Specialist psychology services for older people in community mental health teams are also being made more widely available, as is older people's access to psychological services aimed at those of working age. Therapists from the trust's working-age services deliver the resources and have worked collaboratively with older people specialists to develop appropriate skills. A Department of Health partnerships for older people's projects pilot is providing intensive home support in East Sussex to prevent unnecessary admissions, facilitate discharge from hospital and establish individual care regimes.

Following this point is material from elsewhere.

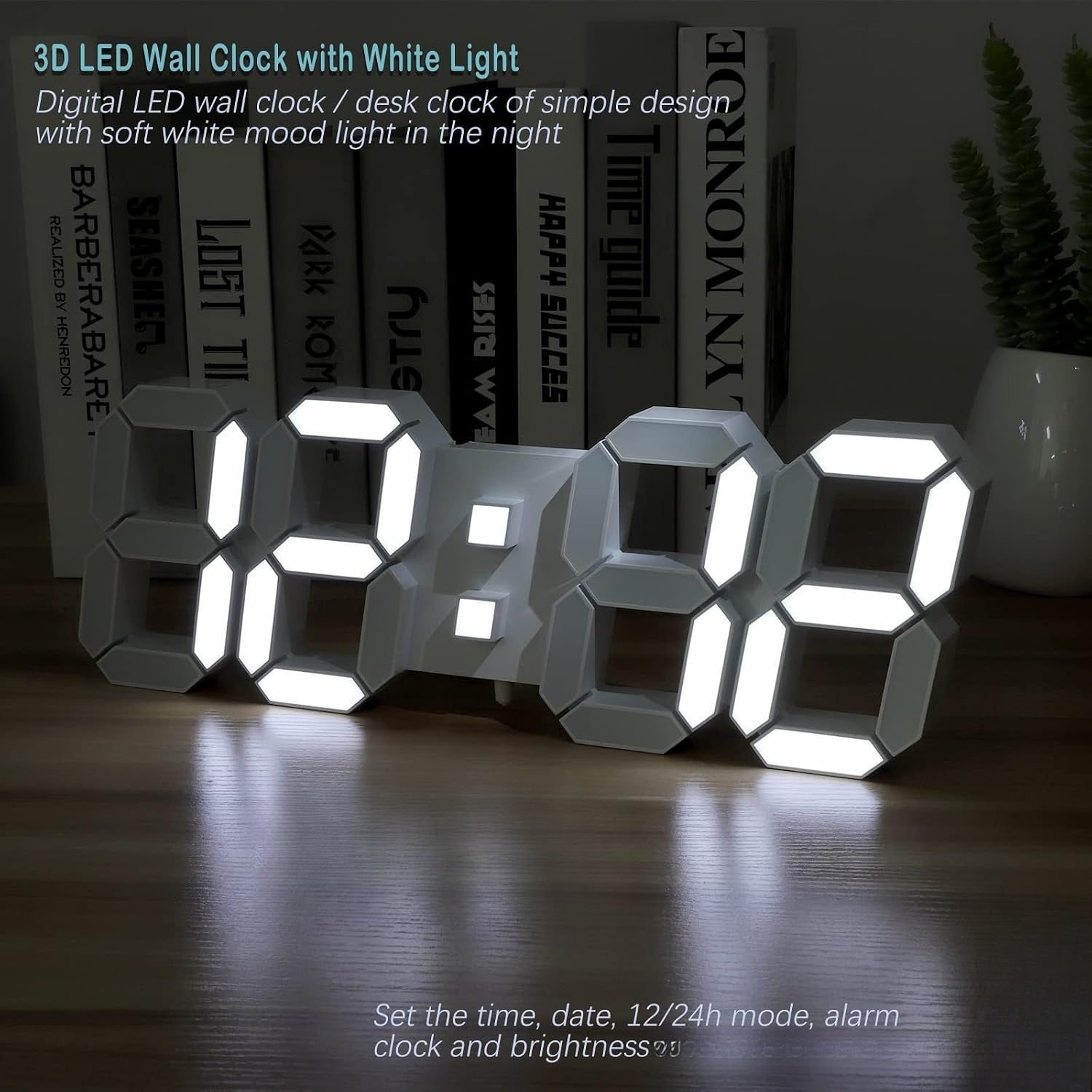 3D LED digital wall clock displaying time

'We have also developed a joint mental health and primary care service for older people with milder mental health problems offering brief therapy interventions,' says John Beeton, service improvements and projects manager in East Sussex. 'It is needs-led, open to young and old and a further example of how we are trying to bring down the barriers between services.'
Further signs of encouragement come from the CSIP older people's mental health programme.
As Ruth Eley, who leads the programme's work on older and disabled people, explains: 'Age equality is at the heart of the programme and has two strands. First, promoting provision of services on the basis of need and not age and second making sure that mainstream services are skilled and competent in meeting the mental health needs of older people.'
The CSIP 'Let's Respect' campaign has initially been aimed at acute wards in general hospitals. Its toolkit - with presentation slides, a good practice guide and case studies - is designed to help nurses without mental health training recognise, understand and support older patients with depression, delirium or dementia.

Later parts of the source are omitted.